(2013.12.12 マドリッド)
最新のUNWTO世界観光指標(動向)によれば、2013年初から9カ月間の国際観光客は対前年5%の増となった。1月から9月までの世界の国際観光到着客数はUNWTOの当初想定していた数を上回り4,100万人増加し、受入れ各国に大きな刺激となっている。
国際観光到着客数は年初からの9ヶ月間に5%成長し、世界で8億4500万人の記録的数字に達し、2012年の同時期比4,100万人増加したと推計される。この伸びはともに観光客数で6%伸びたヨーロッパとアジア太平洋地域によるもの。
タレブ・リファイ事務局長は「国際観光は期待以上の伸びが続いており、先進国、新興国の両方の経済成長を支え、多くの到着地において切望されている雇用を創出し、GDPと国際収支勘定に寄与している。」と語り、「多くのヨーロッパの到着地における力強い結果はこの上なく喜ばしいことであり、観光部門が同地域において経済回復力の一つとなっていることは疑うべくもない。」と述べた。
(地域別要約)
・ヨーロッパは期待値を上回る
世界で一番観光客訪問の多い地域であるヨーロッパの国際観光客到着数は、中央・東ヨーロッパの平均以上の伸び(+7%)と南・地中海ヨーロッパ(+6%)に引っ張られ6%増えた。この伸びは2013年の当初想定を凌ぐものであり、2000年からの平均伸び率(2.7% 2000年から2012年)の倍である。
・アジア・太平洋(+6%)
東南アジア(+12%)に支えられ、手堅い結果となった。
・アメリカ(+3%)
北米(+4%)及び中央アメリカ(+3%)は良い結果であるが、比較的弱めであった。
・アフリカ(+5%)
北アフリカ(+6%)が伸びを牽引し、中央・東アフリカは 0.3%とわずかな成長となった。
(国際観光収入)
国際観光収入の伸びははっきりと前向き傾向を示す。
・国際観光到着客数が示す前向きの傾向は、今年の6カ月から10カ月間の世界中の到着地から報告された国際観光収入の結果にも反映されている。
・国際観光収入で大きな収入を上げている上位25カ国のうち10カ国で2桁の伸びが見られた。

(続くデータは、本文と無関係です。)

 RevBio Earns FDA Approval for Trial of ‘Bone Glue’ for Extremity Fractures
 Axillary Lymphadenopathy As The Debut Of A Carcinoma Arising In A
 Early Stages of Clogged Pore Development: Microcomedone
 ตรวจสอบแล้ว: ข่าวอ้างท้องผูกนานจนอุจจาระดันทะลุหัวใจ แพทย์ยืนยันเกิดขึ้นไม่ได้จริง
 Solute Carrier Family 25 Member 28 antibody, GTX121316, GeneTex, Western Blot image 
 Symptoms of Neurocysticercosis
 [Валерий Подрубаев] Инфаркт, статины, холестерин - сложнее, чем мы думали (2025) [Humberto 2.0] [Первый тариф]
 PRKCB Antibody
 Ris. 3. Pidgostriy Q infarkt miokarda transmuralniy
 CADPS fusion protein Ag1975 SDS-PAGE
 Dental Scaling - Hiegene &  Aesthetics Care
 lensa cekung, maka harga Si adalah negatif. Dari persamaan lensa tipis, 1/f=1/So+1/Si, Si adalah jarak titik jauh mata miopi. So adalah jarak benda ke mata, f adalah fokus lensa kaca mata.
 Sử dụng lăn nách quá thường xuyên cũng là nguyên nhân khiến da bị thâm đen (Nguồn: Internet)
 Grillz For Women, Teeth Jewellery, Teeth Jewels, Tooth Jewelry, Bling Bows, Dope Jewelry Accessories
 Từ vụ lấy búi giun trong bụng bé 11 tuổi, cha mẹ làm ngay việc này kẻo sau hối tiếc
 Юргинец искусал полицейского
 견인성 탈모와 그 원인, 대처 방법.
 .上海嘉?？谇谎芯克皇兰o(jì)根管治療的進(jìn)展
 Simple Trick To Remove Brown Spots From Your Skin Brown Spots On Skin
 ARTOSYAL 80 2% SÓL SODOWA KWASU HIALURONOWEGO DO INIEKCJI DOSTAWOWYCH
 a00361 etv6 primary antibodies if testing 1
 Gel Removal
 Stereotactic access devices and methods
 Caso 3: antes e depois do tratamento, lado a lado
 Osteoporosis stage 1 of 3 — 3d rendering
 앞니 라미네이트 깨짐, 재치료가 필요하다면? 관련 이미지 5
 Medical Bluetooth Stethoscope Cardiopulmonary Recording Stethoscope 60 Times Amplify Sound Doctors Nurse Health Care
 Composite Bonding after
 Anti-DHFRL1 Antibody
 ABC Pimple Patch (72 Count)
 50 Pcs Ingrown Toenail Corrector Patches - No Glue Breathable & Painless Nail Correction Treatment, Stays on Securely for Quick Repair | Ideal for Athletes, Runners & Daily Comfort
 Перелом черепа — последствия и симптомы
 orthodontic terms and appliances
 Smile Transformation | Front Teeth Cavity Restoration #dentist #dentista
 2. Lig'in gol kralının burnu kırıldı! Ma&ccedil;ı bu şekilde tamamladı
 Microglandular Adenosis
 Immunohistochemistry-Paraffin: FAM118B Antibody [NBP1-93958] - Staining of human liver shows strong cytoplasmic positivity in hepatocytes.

アメリカ合衆国(+11%)、マカオ〈中国〉(+10%)、 イギリス(+18%)、タイ(+28%)、香港〈中国〉(+ 21%)、トルコ(+13%)、インド(+13%)、日本(+23%)、ギリシャ(+15%)、台湾〈Pr.中国〉(+ 12%)
(国際観光支出)
・国際観光支出は中国、ロシアにより急上昇
送客国上位10カ国のうちでも、ロシアの年初からの9カ月における海外旅行支出額が29%上昇し、全体の伸びを引っ張った。これは同国が2000年に送客市場で12位にあったものが2012年(430億米ドル)には5位となったことに続く、近年の強い伸びに続くものである。
昨年世界で一番の送客国(1,020億米ドル)となった中国はさらに急速な伸びを続け、2013年9月時点においてアウトバンド観光支出は22%に増加している。
他のBRIC各国からのアウトバウンド観光支出はブラジルでも強い伸び(+15%)。
先進国における送客市場の実績は比較的弱含みで:
カナダ(+3%)、アメリカ合衆国(+2%)、イギリス(+2%)及びフランス(+2%)は控えめの伸び、一方ドイツはゼロ成長で日本、オーストラリア及びイタリアの支出額は低下している。
注:UNWTOは、スペイン観光フェア、FITURの前日にあたる2014年1月20日に、毎年行われてるUNWTOプレス会議において、2013年通年成果を発表する予定です。